The historical, cultural, and economic relationship between the two countries has as its initial milestone the Dutch occupation of the Brazilian Northeast in the 17th century Once the conquered territory in the region was consolidated, Count Maurice of Nassau was appointed governor-general of Dutch Brazil by the Dutch West India Company. When Count Maurice of Nassau arrived in Brazil, he brought with him an entourage consisting of artists and scientists, which included the painters Frans Post and Albert Eckhout who first depicted the Brazilian landscape and its inhabitants and the physician and naturopath Willem Piso and botanist Georg Marggraf who described the flora, fauna and culture of Brazil in the scientific work Historia Naturalis Brasiliae.

During the administration of Count Maurice of Nassau, bridges, dikes, a botanical garden, and the first astronomical observatory in the Americas were built in Recife. The freedom of religion instituted by him in the colony also attracted Dutch Jews, who founded in the current city of Recife the first Jewish temple in the Americas, the Kahal Zur Israel Synagogue.

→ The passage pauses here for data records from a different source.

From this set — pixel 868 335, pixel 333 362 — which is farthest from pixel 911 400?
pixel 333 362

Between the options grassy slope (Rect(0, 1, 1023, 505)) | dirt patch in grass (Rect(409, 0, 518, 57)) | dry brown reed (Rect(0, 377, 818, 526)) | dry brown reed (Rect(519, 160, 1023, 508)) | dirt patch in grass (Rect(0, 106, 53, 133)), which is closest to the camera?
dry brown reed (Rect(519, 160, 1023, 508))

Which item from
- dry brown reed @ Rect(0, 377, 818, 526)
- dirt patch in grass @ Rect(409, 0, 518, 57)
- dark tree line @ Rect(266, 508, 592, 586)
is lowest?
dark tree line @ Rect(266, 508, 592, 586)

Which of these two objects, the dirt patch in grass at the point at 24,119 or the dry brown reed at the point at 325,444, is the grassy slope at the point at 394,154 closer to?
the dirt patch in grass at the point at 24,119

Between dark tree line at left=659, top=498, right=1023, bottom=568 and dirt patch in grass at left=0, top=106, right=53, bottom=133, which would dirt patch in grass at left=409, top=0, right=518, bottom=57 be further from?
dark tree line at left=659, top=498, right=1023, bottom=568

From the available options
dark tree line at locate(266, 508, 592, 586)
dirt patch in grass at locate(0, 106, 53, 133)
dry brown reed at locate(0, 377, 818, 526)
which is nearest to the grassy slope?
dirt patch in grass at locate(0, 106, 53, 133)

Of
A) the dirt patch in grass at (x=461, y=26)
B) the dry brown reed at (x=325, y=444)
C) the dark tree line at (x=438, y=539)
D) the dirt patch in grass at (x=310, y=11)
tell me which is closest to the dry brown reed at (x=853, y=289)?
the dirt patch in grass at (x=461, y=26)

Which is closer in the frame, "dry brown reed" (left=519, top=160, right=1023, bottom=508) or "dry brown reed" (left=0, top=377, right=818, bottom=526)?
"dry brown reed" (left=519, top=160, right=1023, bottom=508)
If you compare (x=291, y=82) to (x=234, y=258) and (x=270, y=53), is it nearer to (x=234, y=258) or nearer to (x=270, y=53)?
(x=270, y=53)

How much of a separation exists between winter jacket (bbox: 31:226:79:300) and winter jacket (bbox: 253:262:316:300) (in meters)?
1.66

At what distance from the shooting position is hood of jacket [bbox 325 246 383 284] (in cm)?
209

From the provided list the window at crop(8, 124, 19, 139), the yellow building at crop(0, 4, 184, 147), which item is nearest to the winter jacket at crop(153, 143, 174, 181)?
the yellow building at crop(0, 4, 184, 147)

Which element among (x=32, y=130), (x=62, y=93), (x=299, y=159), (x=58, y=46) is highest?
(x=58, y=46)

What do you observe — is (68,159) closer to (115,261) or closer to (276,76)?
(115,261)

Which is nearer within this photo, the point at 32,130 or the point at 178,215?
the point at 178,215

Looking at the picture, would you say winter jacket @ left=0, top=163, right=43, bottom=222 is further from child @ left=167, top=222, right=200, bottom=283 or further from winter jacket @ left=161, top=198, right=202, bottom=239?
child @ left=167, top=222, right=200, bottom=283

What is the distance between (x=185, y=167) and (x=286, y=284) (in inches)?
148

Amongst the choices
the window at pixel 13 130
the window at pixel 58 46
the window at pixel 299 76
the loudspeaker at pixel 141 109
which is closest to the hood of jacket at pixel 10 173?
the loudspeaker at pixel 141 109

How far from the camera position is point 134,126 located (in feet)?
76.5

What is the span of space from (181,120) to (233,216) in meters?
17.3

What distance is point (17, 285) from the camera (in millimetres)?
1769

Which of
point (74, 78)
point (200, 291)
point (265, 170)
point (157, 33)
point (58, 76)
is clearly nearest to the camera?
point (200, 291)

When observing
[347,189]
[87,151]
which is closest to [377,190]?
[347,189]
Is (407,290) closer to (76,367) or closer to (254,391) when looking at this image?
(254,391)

=== Dutch immigration in Brazil ===
In the mid-1850s, a group of Dutch immigrants emigrated to Brazil and settled in the state of Espírito Santo, where they established the Holanda and Holandinha colonies.

A group of Dutch immigrants settled in the Campos Gerais region of Paraná and founded the Carambeí Colony in early April 1911. Because of the centennial of Dutch immigration in the Campos Gerais do Paraná, the Brazilian government instituted 2011 as the Year of the Netherlands in Brazil.

In mid-1948, another group of Dutch immigrants settled in the interior of São Paulo, where they founded the Holambra colony, currently an emancipated municipality.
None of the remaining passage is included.